Breast development was present in 53% of girls. DDE, Pb, and dietary intakes of phytoestrogens were not significantly associated with breast stage. Urinary phytoestrogen biomarker concentrations were lower among girls with breast development than with no development. In multivariate models, main effects were strongest for two urinary isoflavones, daidzein (PR 0.89 [0.83-0.96] per ln-μg/g creatinine) and genistein (0.94 [0.88-1.01]). Body mass index (BMI) is a hormonally relevant, strong risk factor for breast development. Therefore, BMI-modification of exposure effects was examined, and associations became stronger. Delayed breast development was observed among girls with below-median BMI and 3rd tertile (high exposure) of urinary daidzein (PR 0.46 [0.26-0.78]); a similar effect was seen with genistein, comparing to girls ≥median BMI and lowest two tertiles (combined) of these isoflavones. With urinary enterolactone a phytoestrogen effect was seen only among girls with high BMI, where breast development was delayed among those with high urinary enterolactone (PR 0.55 [0.32 - 0.96] for the upper tertile vs lower two combined). There was no main effect of PCBs on breast stage, but girls with below-median BMI and ≥median PCB levels had reduced risk for breast development (any vs none) compared with other BMI-PCB groups. No biomarkers were associated with hair development, which was present in 31% of girls.
Phytoestrogens and PCBs are environmental exposures that may delay breast development, especially in conjunction with BMI which governs the endogenous hormonal milieu. Further research to confirm these findings may improve our understanding of the role of early-life development in breast cancer risk and other chronic diseases related to obesity.

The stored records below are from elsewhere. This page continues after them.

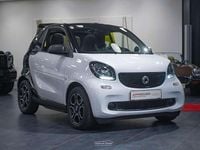 Gebraucht Smart ForTwo Electric Drive 41 kW (56 PS) 2018 Weiß Cabrio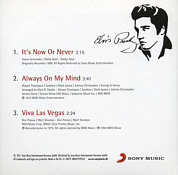 Only You - EU 2011 - Elvis Presley Promotional CD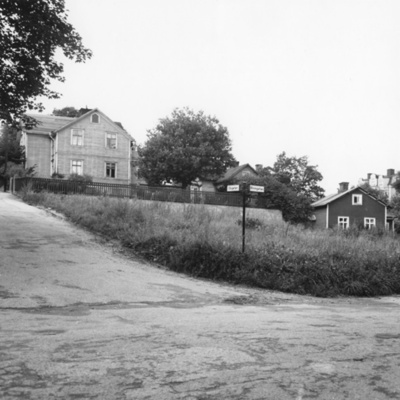 Solb HD 446 - Hörnet Blomgatan-Ekgatan, 1963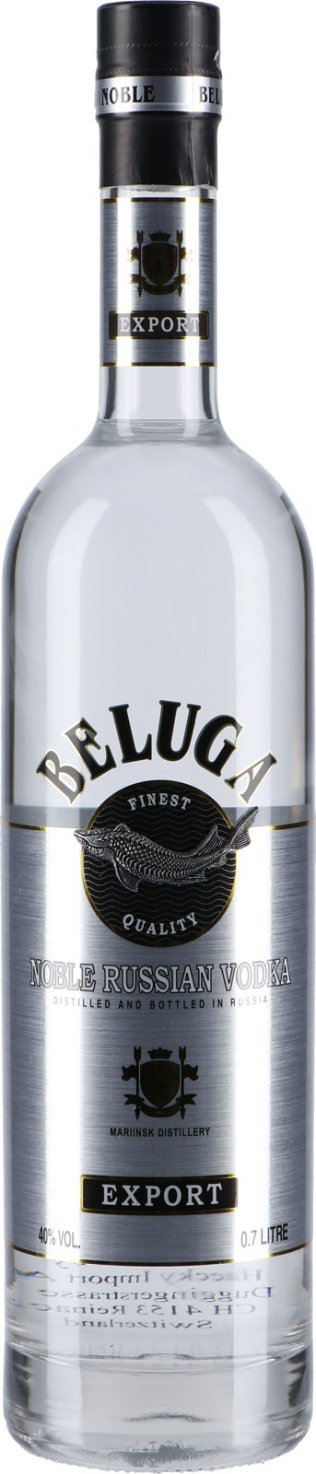 Wodka Beluga Export 70cl 1 x 70 cl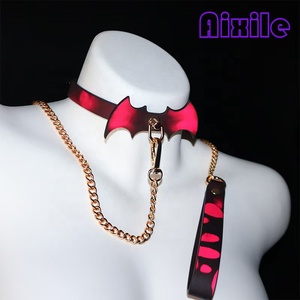 Collar Termocrómico, Accesorios de Entrenamiento para Juegos Sexuales, Juguetes Sexuales SM, Collar BDSM para Juegos de Rol Masculinos y Femeninos, Juguete Sexual de Bondage para Parejas - Product Image 1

First breast development occurs at 9 years of age on average in Black and at 10 years in white girls in the U.S., while average age at menarche is 12.5-13 years (Herman-Giddens et al., 1997; Richards et al., 1992; Selevan et al., 2003; Wu et al., 2003). Racial/ethnic disparities in pubertal timing have been attributed to height and body mass index (BMI, m/kg2) (Kaplowitz et al., 2001), but variability is not entirely explained by body size characteristics and other factors such as physical activity and genetics (Richardson et al., 1983). Breast development accompanies an upsurge in steroid hormones, chiefly estrogen (Jones et al., 2007). Based on knowledge of hormonal activity of environmental contaminants, exogenous exposures have come to be of interest as potential etiologic agents for sexual maturation.

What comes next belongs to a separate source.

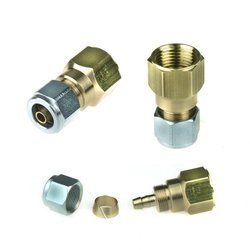 3/4" UNF JIC to 8mm FARO Polypipe Connector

Environmental exposures are known to alter pubertal onsent in experimental models. Experimental data support a delay with lead (Pb) exposure (Ronis et al., 1998), and advanced female development after exposure to hormonally active agents, including phytoestrogens (Whitten & Naftolin, 1992), PCBs (Gellert, 1978), bisphenol A (BPA) (Honma et al., 2002), and pesticides (Walters et al., 1993). Environmental and dietary factors have been investigated little with regard to pubertal onset or even menarche among girls, with inconsistent results (Blanck et al., 2000; de Ridder et al., 1991; Gladen et al., 2000; Karmaus et al., 2002; Kato et al., 1988; Koprowski et al., 1999) except for inorganic lead which was associated with delayed breast development (Denham et al., 2005; Selevan et al., 2003; Wu et al., 2003). No data have been reported on phytoestrogen biomarkers and pubertal maturation.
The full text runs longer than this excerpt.